There is an interesting article in today’s Sunday Times Style magazine about blogging and the monetisation of blogs. For an ordinary person, this involves building a strong personal brand and a following, and then getting paid for sponsored posts.
Once the reach and audience is there, beauty and fashion bloggers can command huge fees because brands in this industry have huge budgets for advertising and marketing. As such, bloggers spend years creating content for free ,having to maintain huge determination throughout, trusting that in the end, they will get where they want to be.
This monetisation of a blog through content creation, some of which becomes charged for, is what I passionately believe in for my clients, especially the more well-known ones.
You see, a celebrity is the ultimate digital influencer. As Simon Chambers, director of Storm models, tells the magazine, when discussing how models such as Cara Delevigne charge for social media posts: ‘There is a media space that belongs to a person – it’s an asset – and if a brand wants to access that then it has to treat it like buying media. The cost grows as a girl’s following grows.’
Yet many celebrities are simply so busy with their day jobs, or talented in different creative areas that don’t include digital know-how, they haven’t realised the potential there is here and even if they don’t, don’t know how to make the potential a reality.
Yet celebrity has so many clear advantages over the normal blogger and so doing this is much easier than for ‘normal’ folk. Firstly, there is no need to begin this process by building a following. Most celebrities already have a following. A celebrity has no need to try and become an influencer as they already are an influencer. People already listen to what they have to say. Being a celebrity puts rocket fuel into the process.
Well-known people are also desired by the mass, traditional media. An online blogger may have a huge global reach in terms of numbers, but most struggle to get airtime on conventional media channels such as television and radio, or get column inches in print media and their associated websites, because the ‘old skool’ editors of these publications have no idea who these people are.

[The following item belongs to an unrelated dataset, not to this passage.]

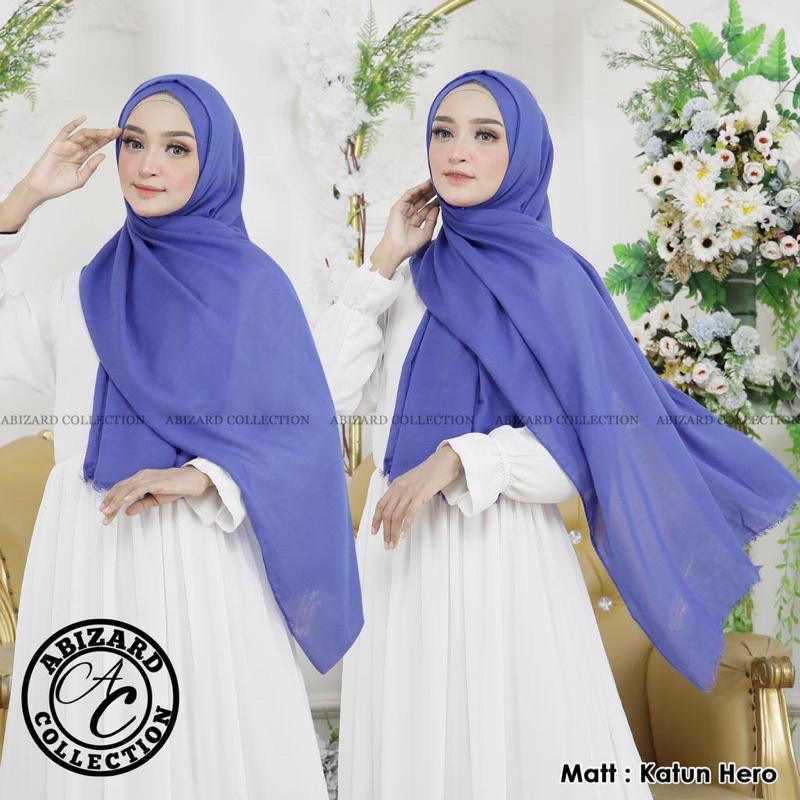 Katun Raw HERO COTTON PASHMINA / RAWIS COTTON PASHMINA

These forms of media may be going through change but they still offer large audiences, are considered trusted credible resources and as such have huge appeal to brands.

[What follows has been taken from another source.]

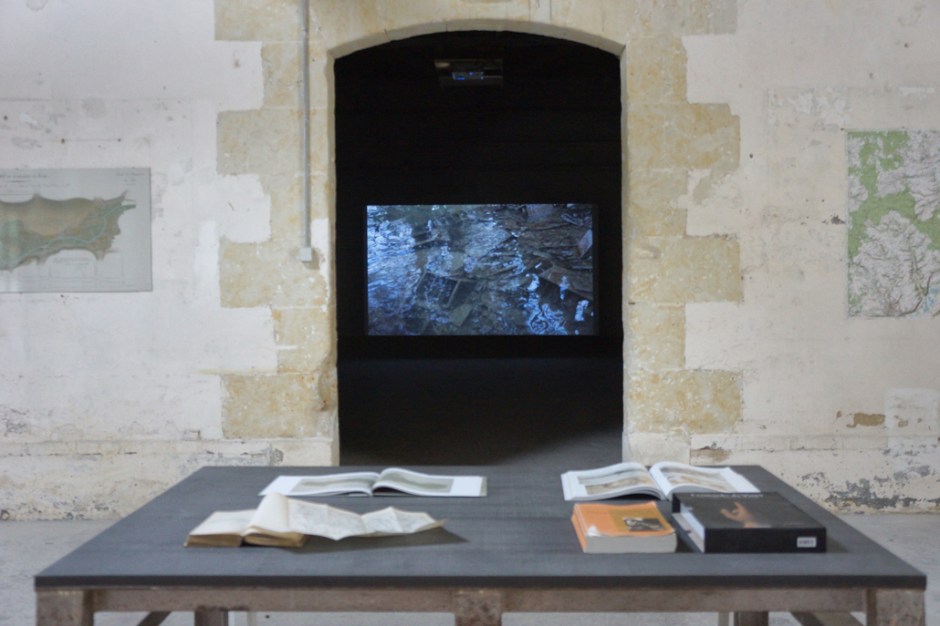 Les Moulins de Paillard, Méthode d'Exhaustion, 2016. Photo © JGP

Consistent blogging (which would usually be a managed blog for which the content is created by a team working for that celebrity) enables a celebrity to straddle both the new and old media and gain from everything BOTH have to offer.
By applying the same principles that any blogger does, mainly engaging their following with regular content and thus themselves becoming a publisher with a media space, they can command high fees from sponsored posts (and sponsored social media) in the same way any other online publisher can.

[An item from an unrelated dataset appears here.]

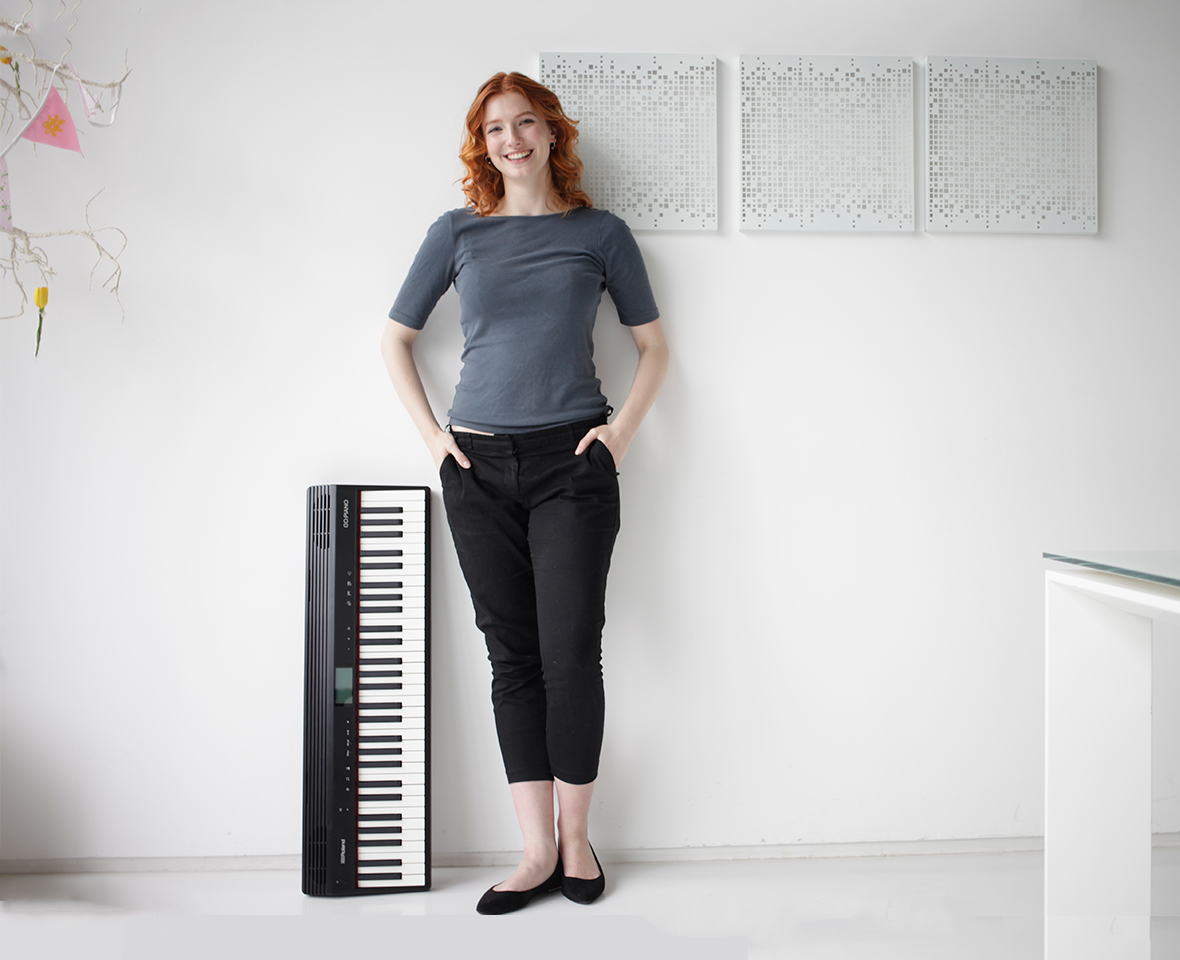 Roland GO:PIANO Piano Digital Elétrico portátil colunas económico pilhas computador Bluetooth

And at the same time, they can position themselves in traditional media, via publicity, either giving exclusive interviews or creating content of a sort that gets picked up and used by the mainstream press. All of which only serves to drive even more people back to the blog, meaning the celebrity further benefits from increasing numbers hitting their website, seeing its great personal showcase, and being able to drive visitors towards such things as bookings, products and ticket sales. Merchandise and product licensing joint ventures would then start to appear…..
Together, this perfect storm of new and traditional media coupled with a strong personal brand and a ready made following creates the ideal head of steam for well-known people to get, do and be even more than they are already.